WHAT YOU WILL DO: Nothing except the pictures should be left out when you reproduce the listing exactly.

INFORMATION PROVIDED:
§ §

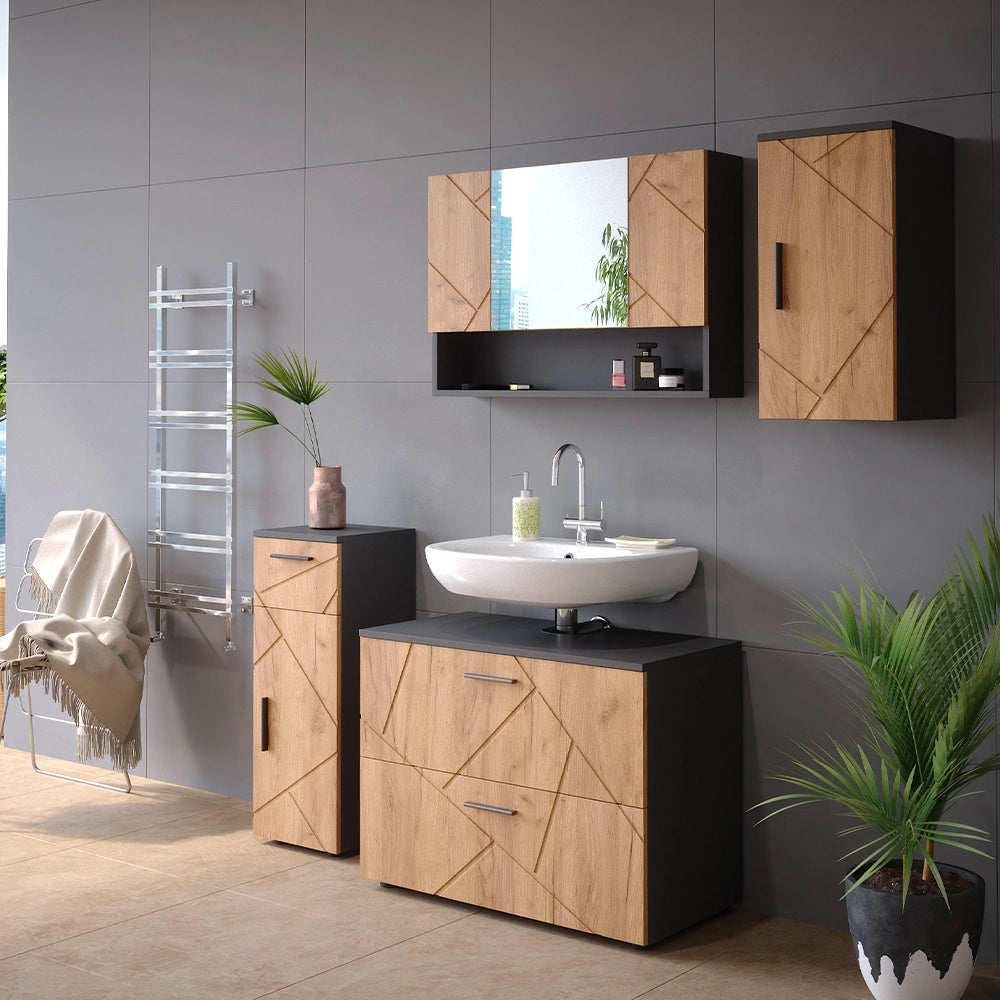 Vicco Set mobili bagno Quercia dorata/antracite 4 parti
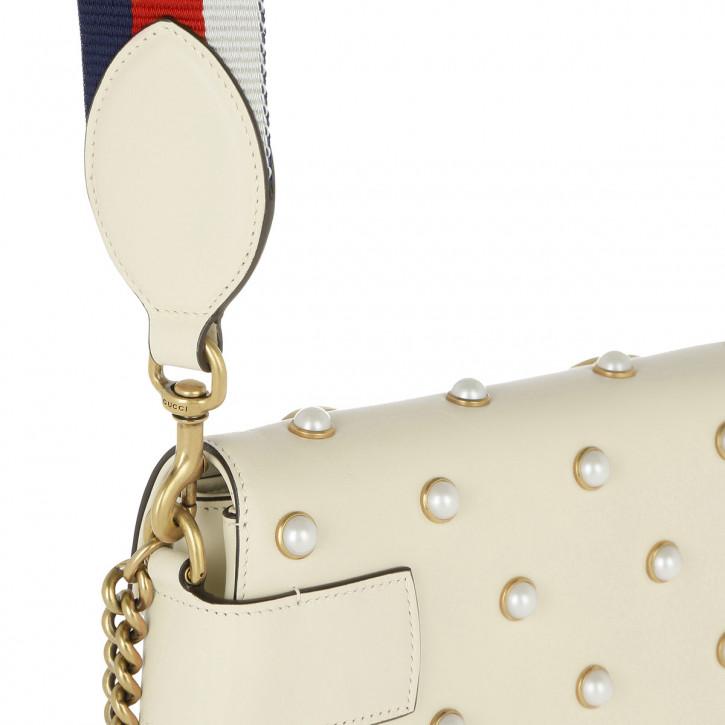 Gucci Broadway Leather Mini Bag White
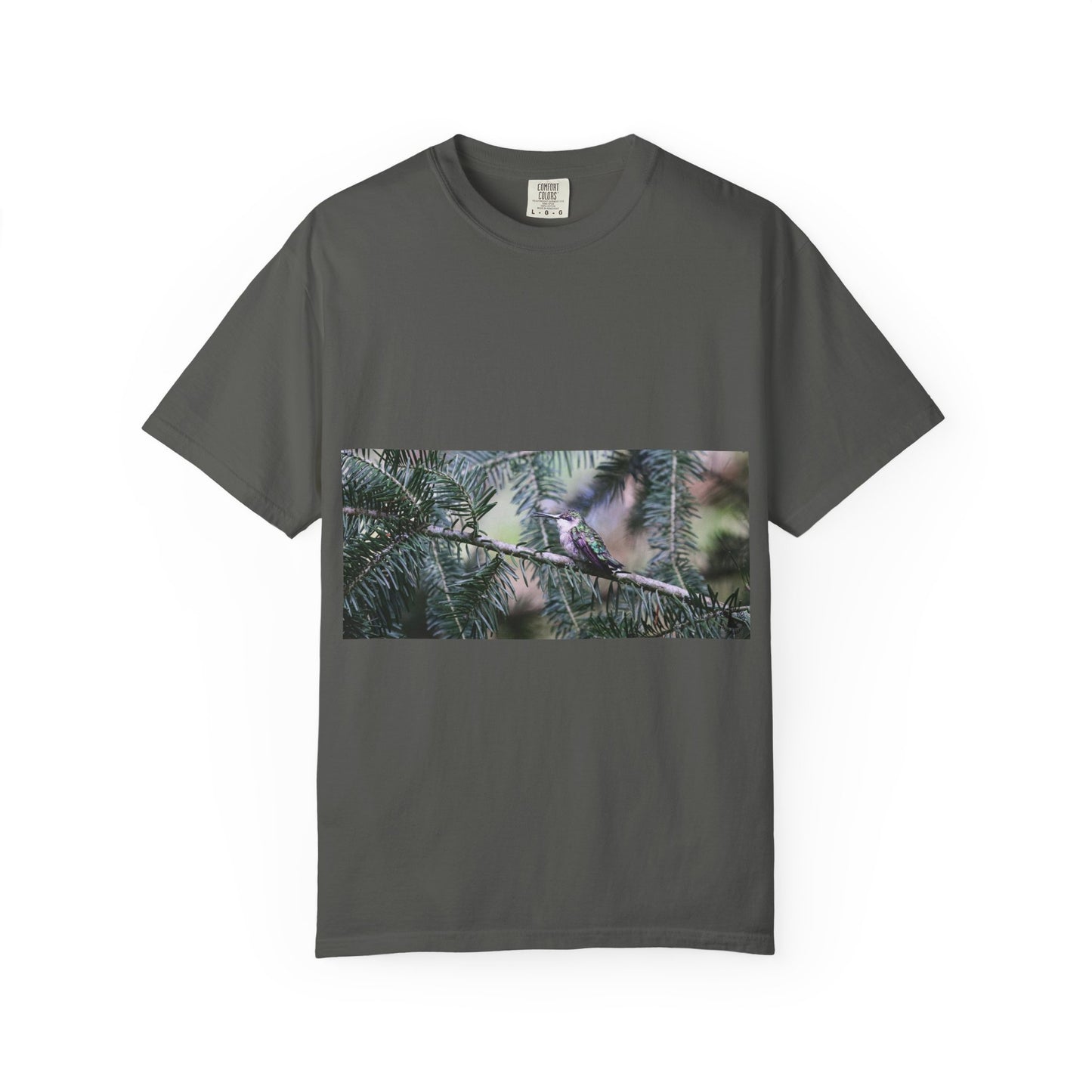 Emerald Wings: Hummingbird in Conifer Haven, Wildlife Macro Photographyphotography shirts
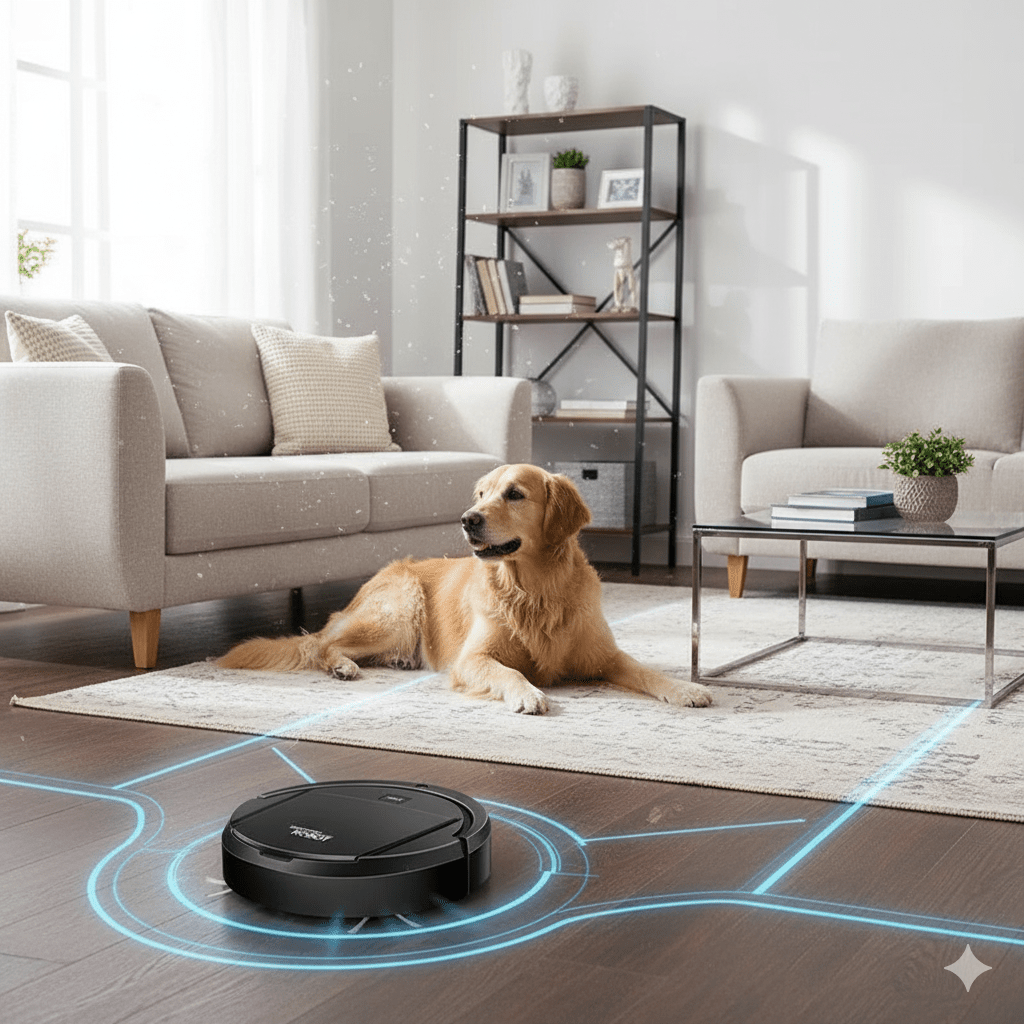 Robot Odkurzający z Filtracją HEPA – Ciche Czyszczenie do 500 m², Do Twardych Podłóg i Dywanów 2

§ §

ANSWER TO THIS EXERCISE:
 Vicco Set mobili bagno Quercia dorata/antracite 4 parti
 Gucci Broadway Leather Mini Bag White
 Emerald Wings: Hummingbird in Conifer Haven, Wildlife Macro Photographyphotography shirts
 Robot Odkurzający z Filtracją HEPA – Ciche Czyszczenie do 500 m², Do Twardych Podłóg i Dywanów 2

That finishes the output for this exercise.